Equation for volume*

My answers dont match the books and im starting to believe the book is wrong

Its not just the volume you need the surface area too

Same approach?

This should clear things up

Sorry man, I didn't read the problem properly.
Okay, so you know that there is a fixed volume right?
Look up the volume for a cone, combined with the fixed volume you have two varaibles left, height and radius.
Find the best ratio between the radius and height of the cup in the case of surface area.
Do you understand these first steps?

Bro

I have feeling dat angle you need to cut the paper is whats missing though the book has even went over differentiation of inverse trig functions so Im stuck trying to figure out if its relevant or not

Yeah just figuered out the angle can be related to the height and radious angle=2piL-2pir. Fucking problem just got way more tedious fuck

gimme a sec

Ok after working it out more the fomulas that are relevant are

angle*L=2piL-2pir

L^2=r^2+h^2

pi/3*h*r^2=10

Made a mistake on my first angle formula but now I got it

Got it

You have the right answer?

...

Yeah

I've got the same.
But I didn't used the angle.
Saved a couple of steps.

It was given that r^2=30/(pi*h) for a volume of 10 cubed centimeter.

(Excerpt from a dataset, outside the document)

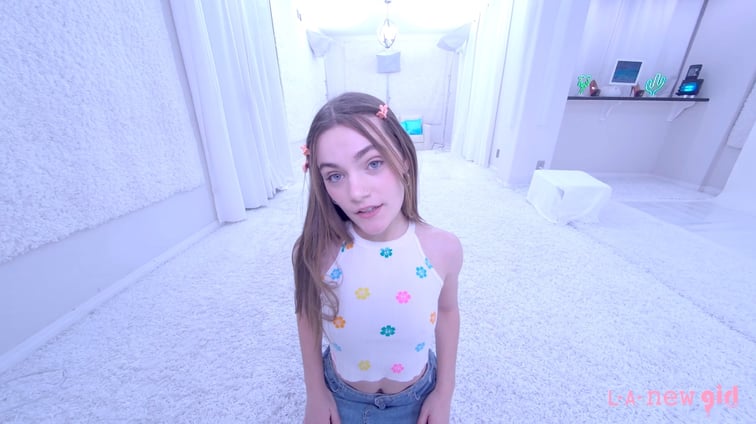 Amazing Teen With Perfect Body Strips For You Juniper Ren New Porn Starlets vr porn video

For the surface area of the cone I used SA=pi*r*(r^2+h^2)^(1/2)

I substituted h and differentiated it with respect to r and set equal to 0.
Solved for r and got the same expression as you.

Yeah im sure pluging the angle formula in the Sa formula will give you the formula you used, I assumed that the area is smallest where the angle is greatest but yeah your formula looks way easier to differentiate, did you derive the formula yourself or did you look it up?

Looked it up.
Might be fun to try to derive it.

Suprisingly easy actually.

Angle=(2piL- 2piR)/L

piL^2-(angle/2)L^2=Sa

piL^2-(piL-piR)L=Sa

piRL=Sa

Lol and Ignored the Sa formula cause I thought the angle formula would be easier to work with

We always have to first find a general solution and only then apply it to a specific case. But that's modern homeschooling.. R=2.916cm and h=1.684cm I guess.
Why is the optimum cone angle exactly the same as the tetrahedral angle?

We learn something new everyday.

Only god knows

I will find out, inshallah.

Number 37 im 99 percent sure the book is wrong I get 3R for height and 3/2R for radious what do you get

Any ideas?